Phylogeography of mtDNA haplogroup R7 in the Indian peninsula

Gyaneshwer Chaubey12, Monika Karmin1, Ene Metspalu1, Mait Metspalu1, Deepa Selvi-Rani2, Vijay Kumar Singh2, Jüri Parik1, Anu Solnik1, B Prathap Naidu2, Ajay Kumar25, Niharika Adarsh25, Chandana Basu Mallick25, Bhargav Trivedi25, Swami Prakash25, Ramesh Reddy25, Parul Shukla25, Sanjana Bhagat25, Swati Verma25, Samiksha Vasnik25, Imran Khan25, Anshu Barwa25, Dipti Sahoo25, Archana Sharma25, Mamoon Rashid25, Vishal Chandra25, Alla G Reddy2, Antonio Torroni3, Robert A Foley4, Kumarasamy Thangaraj2, Lalji Singh2, Toomas Kivisild14* and Richard Villems1

1 Department of Evolutionary Biology, Institute of Molecular and Cell Biology, University of Tartu and Estonian Biocentre, Tartu, Estonia

2 Centre for Cellular and Molecular Biology, Hyderabad, India

3 Dipartimento di Genetica e Microbiologia, Università di Pavia, Via Ferrata 1, 27100 Pavia, Italy

4 Leverhulme Centre of Human Evolutionary Studies, The Henry Wellcome Building, University of Cambridge, Fitzwilliam Street, Cambridge, CB2 1QH, UK

5 Students of different Universities and Colleges of India studied (as a part of their curriculum) in CCMB Hyderabad, India

BMC Evolutionary Biology 2008, 8:227  doi:10.1186/1471-2148-8-227

Published: 4 August 2008



Human genetic diversity observed in Indian subcontinent is second only to that of Africa. This implies an early settlement and demographic growth soon after the first 'Out-of-Africa' dispersal of anatomically modern humans in Late Pleistocene. In contrast to this perspective, linguistic diversity in India has been thought to derive from more recent population movements and episodes of contact. With the exception of Dravidian, which origin and relatedness to other language phyla is obscure, all the language families in India can be linked to language families spoken in different regions of Eurasia. Mitochondrial DNA and Y chromosome evidence has supported largely local evolution of the genetic lineages of the majority of Dravidian and Indo-European speaking populations, but there is no consensus yet on the question of whether the Munda (Austro-Asiatic) speaking populations originated in India or derive from a relatively recent migration from further East.
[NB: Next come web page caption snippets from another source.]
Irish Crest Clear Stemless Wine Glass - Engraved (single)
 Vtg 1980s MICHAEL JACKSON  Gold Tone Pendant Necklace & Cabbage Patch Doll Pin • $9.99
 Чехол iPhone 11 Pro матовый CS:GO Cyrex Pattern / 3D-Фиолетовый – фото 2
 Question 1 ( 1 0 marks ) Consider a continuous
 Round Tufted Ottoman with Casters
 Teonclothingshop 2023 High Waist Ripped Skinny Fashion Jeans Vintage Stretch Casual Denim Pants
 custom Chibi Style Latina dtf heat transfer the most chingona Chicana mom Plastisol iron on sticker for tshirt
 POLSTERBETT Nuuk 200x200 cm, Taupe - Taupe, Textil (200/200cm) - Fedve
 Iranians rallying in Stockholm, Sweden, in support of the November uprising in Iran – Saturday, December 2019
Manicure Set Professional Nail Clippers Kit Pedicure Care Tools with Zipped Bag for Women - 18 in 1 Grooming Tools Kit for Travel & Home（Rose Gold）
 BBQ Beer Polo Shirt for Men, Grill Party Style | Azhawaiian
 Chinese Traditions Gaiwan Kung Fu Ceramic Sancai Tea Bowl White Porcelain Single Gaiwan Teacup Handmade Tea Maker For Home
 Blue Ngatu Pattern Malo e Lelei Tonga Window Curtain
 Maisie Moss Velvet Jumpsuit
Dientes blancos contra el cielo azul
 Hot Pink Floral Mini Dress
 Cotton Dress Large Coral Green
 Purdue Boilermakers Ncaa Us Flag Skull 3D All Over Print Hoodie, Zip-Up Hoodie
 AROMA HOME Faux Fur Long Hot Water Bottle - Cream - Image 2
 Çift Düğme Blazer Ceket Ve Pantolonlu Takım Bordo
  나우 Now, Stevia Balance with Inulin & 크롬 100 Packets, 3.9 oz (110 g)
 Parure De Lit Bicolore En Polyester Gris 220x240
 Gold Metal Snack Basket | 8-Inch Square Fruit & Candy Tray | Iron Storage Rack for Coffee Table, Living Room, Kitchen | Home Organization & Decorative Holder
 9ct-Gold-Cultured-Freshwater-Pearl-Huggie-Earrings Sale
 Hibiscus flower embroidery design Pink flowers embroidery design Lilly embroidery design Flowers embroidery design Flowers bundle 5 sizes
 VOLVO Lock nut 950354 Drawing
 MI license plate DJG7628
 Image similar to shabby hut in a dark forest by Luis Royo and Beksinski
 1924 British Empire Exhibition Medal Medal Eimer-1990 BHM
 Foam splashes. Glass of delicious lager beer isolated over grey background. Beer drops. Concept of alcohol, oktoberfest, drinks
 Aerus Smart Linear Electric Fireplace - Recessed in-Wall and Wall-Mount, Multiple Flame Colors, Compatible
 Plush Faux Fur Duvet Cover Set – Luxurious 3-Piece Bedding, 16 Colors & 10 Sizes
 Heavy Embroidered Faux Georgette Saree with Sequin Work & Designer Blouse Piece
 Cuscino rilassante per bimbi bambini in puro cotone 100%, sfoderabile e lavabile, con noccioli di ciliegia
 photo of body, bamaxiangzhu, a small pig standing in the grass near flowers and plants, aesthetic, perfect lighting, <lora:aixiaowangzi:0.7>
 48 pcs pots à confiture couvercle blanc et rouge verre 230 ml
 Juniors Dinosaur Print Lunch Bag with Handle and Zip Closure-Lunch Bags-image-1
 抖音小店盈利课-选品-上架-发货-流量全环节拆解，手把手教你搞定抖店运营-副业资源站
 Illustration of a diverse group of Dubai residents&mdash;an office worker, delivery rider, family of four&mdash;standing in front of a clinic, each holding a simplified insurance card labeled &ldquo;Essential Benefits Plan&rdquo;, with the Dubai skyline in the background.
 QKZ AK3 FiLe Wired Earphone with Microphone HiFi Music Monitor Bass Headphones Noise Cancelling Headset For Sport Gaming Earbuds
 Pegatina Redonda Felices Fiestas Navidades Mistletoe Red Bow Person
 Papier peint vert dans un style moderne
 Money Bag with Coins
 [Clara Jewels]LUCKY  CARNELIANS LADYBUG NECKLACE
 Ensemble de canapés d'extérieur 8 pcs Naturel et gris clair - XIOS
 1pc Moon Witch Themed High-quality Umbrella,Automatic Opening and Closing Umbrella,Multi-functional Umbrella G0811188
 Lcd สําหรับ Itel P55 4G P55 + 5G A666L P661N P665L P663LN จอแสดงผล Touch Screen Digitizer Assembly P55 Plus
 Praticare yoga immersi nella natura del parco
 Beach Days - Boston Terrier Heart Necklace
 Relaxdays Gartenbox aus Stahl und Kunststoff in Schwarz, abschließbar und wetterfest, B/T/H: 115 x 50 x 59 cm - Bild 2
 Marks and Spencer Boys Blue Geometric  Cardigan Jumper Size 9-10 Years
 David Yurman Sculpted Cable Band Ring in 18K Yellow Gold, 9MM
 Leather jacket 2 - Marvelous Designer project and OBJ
Here, we report the analysis of 35 novel complete mtDNA sequences from India which refine the structure of Indian-specific varieties of haplogroup R. Detailed analysis of haplogroup R7, coupled with a survey of ~12,000 mtDNAs from caste and tribal groups over the entire Indian subcontinent, reveals that one of its more recently derived branches (R7a1), is particularly frequent among Munda-speaking tribal groups. This branch is nested within diverse R7 lineages found among Dravidian and Indo-European speakers of India. We have inferred from this that a subset of Munda-speaking groups have acquired R7 relatively recently. Furthermore, we find that the distribution of R7a1 within the Munda-speakers is largely restricted to one of the sub-branches (Kherwari) of northern Munda languages. This evidence does not support the hypothesis that the Austro-Asiatic speakers are the primary source of the R7 variation. Statistical analyses suggest a significant correlation between genetic variation and geography, rather than between genes and languages.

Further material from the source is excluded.